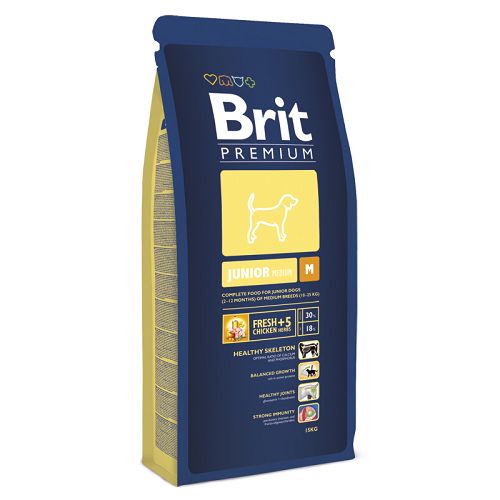 Корм Brit Premium Junior M для молодых собак средних пород (2-12 мес) Корм Brit Premium Junior M для молодых собак средних пород (2-12 мес)
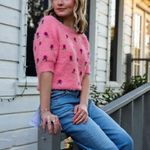 Free People Winter Blooms Appliqué Short Sleeve Sweater in Quartz Pink Combo Photo 1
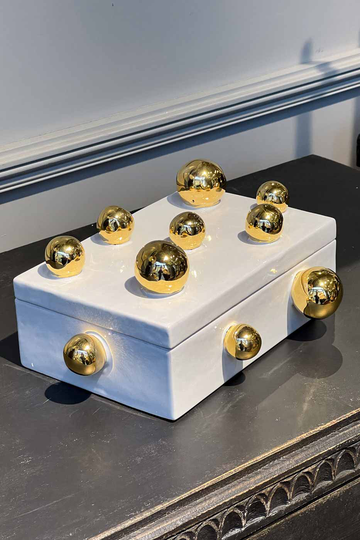 Ask Golden Spheres Vit stor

■ TASK DIRECTIONS: What you write should match, word for word, the lines from the one containing "Free People Winter" to the end of the listing, with both ends kept and the pictures left out.

■ COMPLETED TASK:
 Free People Winter Blooms Appliqué Short Sleeve Sweater in Quartz Pink Combo Photo 1
 Ask Golden Spheres Vit stor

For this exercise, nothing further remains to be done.